The publisher – Dr Jafar Ahmad, head of the Pakistan Study Centre at the University of Karachi – said Pakistan from its inception had faced a persistent crisis of identity because it had avoided a close look at the Quaid’s first address to the Constituent Assembly in which he had clearly prescribed the ingredients of national unity.

“Quaid-i-Azam’s creative skill in adopting the two nation theory was to settle communal problems in India and that is why he settled on the division of India because it would give autonomy to Muslim majority provinces.”

About Dr Mubarak Ali’s new book, Dr Jafar said the author had expanded the horizon of history and made it accessible to the common people. “The book is not establishment’s narrative but a history of the common people,” he said.

The tone of the book review was set up by Ashfaq Saleem Mirza who read quite a lengthy paper on the subject, saying facts of national identities were settled in the historical writings of other nation states.

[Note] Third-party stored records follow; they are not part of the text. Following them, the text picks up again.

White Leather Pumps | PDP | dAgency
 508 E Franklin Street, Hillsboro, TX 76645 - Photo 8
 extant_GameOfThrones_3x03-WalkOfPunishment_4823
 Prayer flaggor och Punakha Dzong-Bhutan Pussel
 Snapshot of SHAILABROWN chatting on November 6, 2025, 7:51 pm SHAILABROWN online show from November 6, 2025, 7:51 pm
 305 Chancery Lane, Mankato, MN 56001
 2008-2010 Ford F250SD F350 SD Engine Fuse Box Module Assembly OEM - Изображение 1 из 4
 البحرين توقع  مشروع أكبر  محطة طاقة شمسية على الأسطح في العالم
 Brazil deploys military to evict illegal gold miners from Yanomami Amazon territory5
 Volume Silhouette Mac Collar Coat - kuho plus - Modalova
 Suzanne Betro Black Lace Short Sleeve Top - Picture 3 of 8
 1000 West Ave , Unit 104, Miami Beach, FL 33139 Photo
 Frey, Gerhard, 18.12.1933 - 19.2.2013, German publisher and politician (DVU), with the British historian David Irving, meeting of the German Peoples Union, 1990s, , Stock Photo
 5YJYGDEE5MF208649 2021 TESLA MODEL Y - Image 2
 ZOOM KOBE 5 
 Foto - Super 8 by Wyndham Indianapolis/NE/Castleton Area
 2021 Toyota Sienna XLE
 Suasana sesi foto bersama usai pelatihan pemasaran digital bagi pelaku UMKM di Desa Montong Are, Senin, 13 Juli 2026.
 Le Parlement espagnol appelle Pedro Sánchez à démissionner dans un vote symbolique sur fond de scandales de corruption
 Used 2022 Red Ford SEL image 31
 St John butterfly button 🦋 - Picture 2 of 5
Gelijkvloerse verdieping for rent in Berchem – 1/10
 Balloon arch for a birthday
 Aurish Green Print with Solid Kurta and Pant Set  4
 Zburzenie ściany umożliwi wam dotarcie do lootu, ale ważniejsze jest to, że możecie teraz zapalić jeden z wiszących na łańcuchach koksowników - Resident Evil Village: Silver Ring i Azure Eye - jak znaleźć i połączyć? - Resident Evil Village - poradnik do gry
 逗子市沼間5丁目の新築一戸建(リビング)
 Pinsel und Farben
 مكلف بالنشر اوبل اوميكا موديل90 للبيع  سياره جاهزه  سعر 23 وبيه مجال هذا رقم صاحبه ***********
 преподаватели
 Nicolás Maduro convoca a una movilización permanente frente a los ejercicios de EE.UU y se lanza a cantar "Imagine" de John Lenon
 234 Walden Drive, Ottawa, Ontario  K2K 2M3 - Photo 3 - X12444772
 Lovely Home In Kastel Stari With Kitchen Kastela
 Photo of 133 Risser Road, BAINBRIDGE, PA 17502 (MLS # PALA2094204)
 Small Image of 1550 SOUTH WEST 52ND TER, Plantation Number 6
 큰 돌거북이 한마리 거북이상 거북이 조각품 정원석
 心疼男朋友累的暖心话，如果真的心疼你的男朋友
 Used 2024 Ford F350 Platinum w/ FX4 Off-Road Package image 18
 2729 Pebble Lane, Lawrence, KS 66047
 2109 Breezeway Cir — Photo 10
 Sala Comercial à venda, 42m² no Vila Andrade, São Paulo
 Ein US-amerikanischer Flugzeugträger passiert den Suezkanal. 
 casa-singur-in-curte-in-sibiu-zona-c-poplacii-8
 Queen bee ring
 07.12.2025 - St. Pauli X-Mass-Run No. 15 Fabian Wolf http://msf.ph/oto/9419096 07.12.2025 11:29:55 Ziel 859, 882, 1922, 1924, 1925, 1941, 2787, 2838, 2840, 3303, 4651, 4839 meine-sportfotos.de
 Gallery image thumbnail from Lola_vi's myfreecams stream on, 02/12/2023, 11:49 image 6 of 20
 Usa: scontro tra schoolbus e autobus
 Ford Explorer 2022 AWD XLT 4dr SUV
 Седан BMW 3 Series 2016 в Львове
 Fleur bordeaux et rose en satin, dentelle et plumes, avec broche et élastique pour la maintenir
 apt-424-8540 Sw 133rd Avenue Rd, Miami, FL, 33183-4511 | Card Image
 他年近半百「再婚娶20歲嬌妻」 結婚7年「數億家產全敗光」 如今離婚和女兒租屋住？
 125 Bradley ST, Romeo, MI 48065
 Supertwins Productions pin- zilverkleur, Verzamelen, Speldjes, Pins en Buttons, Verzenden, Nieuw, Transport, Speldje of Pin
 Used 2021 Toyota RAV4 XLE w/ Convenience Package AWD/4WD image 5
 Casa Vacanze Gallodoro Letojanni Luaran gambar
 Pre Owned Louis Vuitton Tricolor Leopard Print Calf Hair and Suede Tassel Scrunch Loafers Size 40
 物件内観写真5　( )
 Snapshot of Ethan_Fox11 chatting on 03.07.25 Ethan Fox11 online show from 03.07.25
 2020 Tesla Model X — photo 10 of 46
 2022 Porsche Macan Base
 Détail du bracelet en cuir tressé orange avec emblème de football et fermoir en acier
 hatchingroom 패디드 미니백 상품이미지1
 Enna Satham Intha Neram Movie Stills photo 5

But Dr Mubarak Ali is a secular person and always tries to build history on enlightened mode of thinking. He likes Akbar and promotes his broadmindedness,” said Ashfaq Mirza.

Social scientists Dr Nazir Mahmud suggested that the book should have been named as Muslims in search of identity in the subcontinent.

He listed three mainstreams of identities discussed in the book such as identity of Muslims as conquerors, as migrants who came from different countries and made India its home, as well as identity of converts.

He was not happy with the role of some of the conquerors which history book described, and Dr Mubarak had rightly deconstructed these heroes.

Literary critic Mushir Anwar referred to the chapter on ‘New religious trends after Independence (he used the word partition) and said “though they claim to derive their authority from the same source they accuse each other of deviating from the original teaching. Propounded by Indian Ulema this version believes in the separation of politics, secularism, democracy and tolerance which is the way to survive in a multi-religious society.

Ijaz Shahid also commended the author for advancing the discipline of history as well as for probing the confusion which arose because of lack of effort to make enquiries into the issue.

In the end, Dr Mubarak Ali thanked the audience, adding that the process of introspection helped nations to correct the mistake. Time has now come for Pakistan to make this correction.